** Input data follows **

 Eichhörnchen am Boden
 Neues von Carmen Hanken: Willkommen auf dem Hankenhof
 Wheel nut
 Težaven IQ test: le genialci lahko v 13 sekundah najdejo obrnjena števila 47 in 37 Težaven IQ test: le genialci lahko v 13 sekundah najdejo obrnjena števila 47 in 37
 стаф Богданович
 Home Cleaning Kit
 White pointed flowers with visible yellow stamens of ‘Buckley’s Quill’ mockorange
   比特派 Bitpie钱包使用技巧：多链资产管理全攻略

** End of Input data **
** Input data follows **

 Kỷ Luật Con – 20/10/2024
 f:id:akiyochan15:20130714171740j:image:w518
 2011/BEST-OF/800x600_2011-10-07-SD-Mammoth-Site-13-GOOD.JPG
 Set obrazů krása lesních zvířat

** End of Input data **

Nothing but the lines above from the one containing "Kỷ Luật Con – 20/10/2024" through the one containing "Set obrazů krása lesních zvířat" should appear in the answer, each repeated exactly.

» **Response for this exercise**:
 Kỷ Luật Con – 20/10/2024
 f:id:akiyochan15:20130714171740j:image:w518
 2011/BEST-OF/800x600_2011-10-07-SD-Mammoth-Site-13-GOOD.JPG
 Set obrazů krása lesních zvířat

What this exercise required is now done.